The principles that rule this blog

Principles that will govern my thoughts as I express them here (from my opening statement):


  • Freedom of the individual should be as total as possible, limited only by the fact that nobody should be free to cause physical injury to another, or to deprive another person of his freedoms.
  • Government is necessary primarily to provide those services that private enterprise won't, or won't at a price that people can afford.
  • No person has a right to have his own beliefs on religious, moral, political, or other controversial issues imposed on others who do not share those beliefs.

I believe that Abraham Lincoln expressed it very well:

“The legitimate object of government is to do for a community of people whatever they need to have done, but cannot do, at all, or cannot
so well do, for themselves — in their separate, individual capacities.”


Comments will be invited, and I will attempt to reply to any comments that are offered in a serious and non-abusive manner. However, I will not tolerate abusive or profane language (my reasoning is that this is my blog, and so I can control it; I wouldn't interfere with your using such language on your own!)

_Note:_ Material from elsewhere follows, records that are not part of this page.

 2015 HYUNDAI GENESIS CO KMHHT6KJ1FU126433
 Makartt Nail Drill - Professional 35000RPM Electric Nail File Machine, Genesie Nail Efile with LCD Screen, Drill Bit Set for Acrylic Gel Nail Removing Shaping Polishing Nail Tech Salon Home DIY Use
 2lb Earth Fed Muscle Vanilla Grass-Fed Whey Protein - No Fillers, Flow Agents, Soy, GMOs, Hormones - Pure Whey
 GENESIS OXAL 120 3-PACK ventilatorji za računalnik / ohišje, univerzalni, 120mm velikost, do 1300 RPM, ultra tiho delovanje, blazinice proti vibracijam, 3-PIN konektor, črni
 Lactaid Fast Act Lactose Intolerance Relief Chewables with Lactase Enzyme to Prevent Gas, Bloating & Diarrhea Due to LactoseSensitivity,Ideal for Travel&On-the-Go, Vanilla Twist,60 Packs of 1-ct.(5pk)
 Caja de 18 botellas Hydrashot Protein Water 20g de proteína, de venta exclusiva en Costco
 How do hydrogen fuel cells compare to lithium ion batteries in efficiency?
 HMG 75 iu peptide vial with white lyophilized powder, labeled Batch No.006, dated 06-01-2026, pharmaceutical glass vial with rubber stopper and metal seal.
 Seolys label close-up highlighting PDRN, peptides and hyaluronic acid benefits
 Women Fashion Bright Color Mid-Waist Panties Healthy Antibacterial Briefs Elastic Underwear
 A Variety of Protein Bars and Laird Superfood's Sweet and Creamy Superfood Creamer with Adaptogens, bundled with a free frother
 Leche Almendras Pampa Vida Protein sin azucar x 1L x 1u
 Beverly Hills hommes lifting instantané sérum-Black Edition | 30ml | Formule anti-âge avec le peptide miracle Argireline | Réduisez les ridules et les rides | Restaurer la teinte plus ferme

If anyone finds an opinion that I express to be contrary to my principles, they are welcome to point this out. I hope that I can make a rational case for my comments. Because, in fact, one label I'll happily accept is rationalist.

Monday, August 20, 2007

Karl Rove vs. Hillary Clinton

Yesterday Karl Rove was on such interview programs as Meet the Press, and he had a bunch of negative things to say about Hillary Clinton. Some of the news community seemed to wonder whether he was doing that because he wanted to energize the anti-GOP Democrats to vote for her in the primaries, because he (and Republicans generally) thought she would be the easiest Democrat to beat. Others thought he was doing it for exactly the opposite reason: that Republicans were scared of Hillary. I wonder why they didn't just take Rove at his word: he believes she is the person the Democrats will nominate. Given that belief, there is no reason to attack Barack Obama, or any other also-ran Democrat: it will be Hillary that the Republican nominee will have to run against next year, and so it is Hillary that any Republican will have to put in a bad light. (I hope the GOP nominee is Giuliani, of course, but any Republican has to think the same way: it is Hillary who will be the competition in 2008.) I think Rove's action is totally logical.

2 comments:

Jacob Ditkoff said...

I'd just like to point out that so far Obama is actually polling better than Clinton in head-to-head match ups with every Republican contender. That doesn't mean Rove is trying some sort of reverse psychology mind trick. But it's interesting to note.

Opinionator said...

I think a lot of people just do not like Rove, so they want to come up with some ulterior motive.